算命学余話 #U47「墓殺格と土性を考える」/バックナンバー
詩人レールモントフが自身の分身として生み出したペチョーリンの名は、ロシア文化史の中では破滅型の人間として形容詞になっているほど有名です。若く美しく文武に優れた青年将校であるにも拘わらず、その才能を社会のために活かす場もなく鬱屈とし、結果的に放蕩や暴力に走って夭折してしまう。社会の円熟期であった19世紀初頭のロシアが生んだ時代の犠牲者ともいうべき人間タイプのペチョーリン、つまりレールモントフは、もう少し前のナポレオン戦争や百年後のロシア革命といった動乱時代に生まれていた方が、そのあり余る精力と才能を思う存分発揮できたであろうことを考えると、算命学的には動乱型の宿命の持ち主であると推測されます。

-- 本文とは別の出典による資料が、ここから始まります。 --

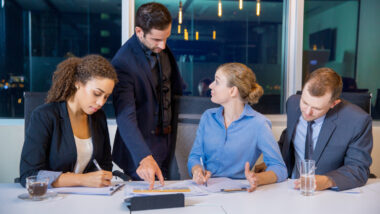 Génération sacrifiée ? Un cabinet d'étude confirme le ralentissement des augmentations de salaires avec seulement +1,95% anticipée pour 2026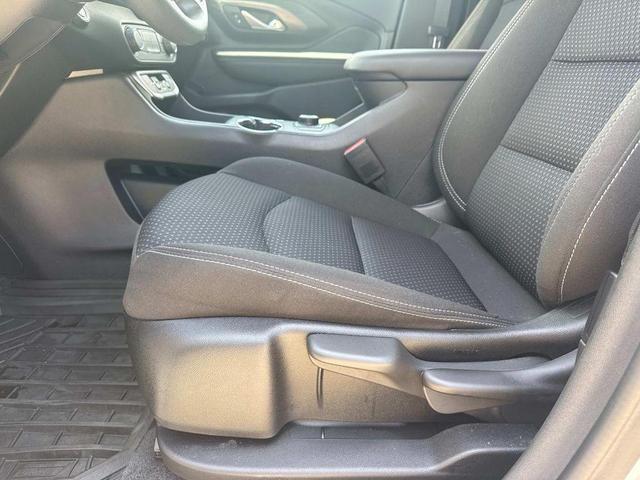 Photo of 2024 Summit White GMC Terrain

しかも破滅性の種類が「追っかけている時は夢中になれるが、捕まえた途端に興味を失う」ハンタータイプであることから、創造しては破壊を繰り返す龍高星の症状が見て取れます。陰転した龍高星というのは、文句がないことに苛立って文句をつけるという困った習性がありますし、これが中殺されると心の不安を取り除くために環境を破壊してバランスを取ろうとする習性が顔を出します。こういう人と付き合う周囲はたまったものではありません。
ただペチョーリン型の人物が単なるわがままな下らぬ人間ではない証拠に、ペチョーリンもレールモントフも非常に魅力的な人物として認識されています。ペチョーリンは誠意も正義もある男ですし、女性の名誉のために決闘を厭わない男気もあります。友情にも厚く、自分自身の矛盾した心情を客観的に分析する理性も持っています。理性は龍高星の特徴です。しかし水性は停滞して澱むことを嫌うため、それを解消するための放浪癖も併せ持つ。不満を周囲にぶつけて傷つけなくて済むように、龍高星は放浪して難を回避しようとするのですが、傍から見れば逃げているように見える。龍高星が周囲から理解されないのは、こうした経緯のためなのです。
この回避行動と無理解の繰り返しが龍高星を追い詰め、レールモントフの場合は幸か不幸か、その才能を短期間に輝かせて後世に名を遺した代わりに寿命を縮めました。太く短く輝いた星の一生です。もちろん、龍高星とて長生きすることも充分可能なのですが、その場合の龍高星は放浪なり冒険なりといった危険を回避して安全策を取っている可能性が高いですから、輝きとしては充分な人生とは云えずに終わるかもしれません。
算命学は生年月日から宿命を算出して人物分析する技術ですが、このように既に判明している性格や人生から逆引きして宿命を推測することもある程度は可能です。尤も、私もレールモントフの正確な生年月日は知りません。当時のロシア暦は現代の太陽暦とは違いますから、専門家の力を借りなければ宿命は算出できないかもしれず、本当に龍高星を持っていたかどうか確認はできないのですが、算命学による人物分析の経験を積むと、初対面の人でもちょっと話をしただけで、ああ大体こういう星を持っているようだ、くらいの推測はつくようになりますし、この的中率が高い算命学者ほど腕のいい、つまりは人物観察の長けた易者だと云えるかと思います。
さて前回の余話では、算命学の成立事情と宇宙の関係をざっくり論じてみましたが、案の定というか、前々回までの具体的な鑑定技術を紹介した回に比べるとぐっと読者が減りました。私としては前回のような基礎概論の方こそより広く認識されるべきだと思っていますが、なかなか需要は思う通りに行かないようです。
宇宙の話をしたかったのには理由があります。今まで何度も触れてきたように、我々は地球の上で暮らしており、地球とは大地、即ち土性です。そして地球に重力があるように、土性も引力が特徴です。引力は魅力であり、愛であり、財力です。地球は水の惑星と呼ばれながらその大部分は岩石と溶岩で、水とは犬猿の仲です。土は水を汚し、故に知性と財力は反発する。土剋水の関係上、大抵は知性が負けることとなり、知性が勝つためには土性の何倍もの努力と労力が必要です。このため地上に暮らす我々は、結局のところ財の問題から離れて生きることはできず、財は生きる糧であり、それを手に入れれば入れるほど知性は遠のいていく。これが算命学のシビアな基本思想です。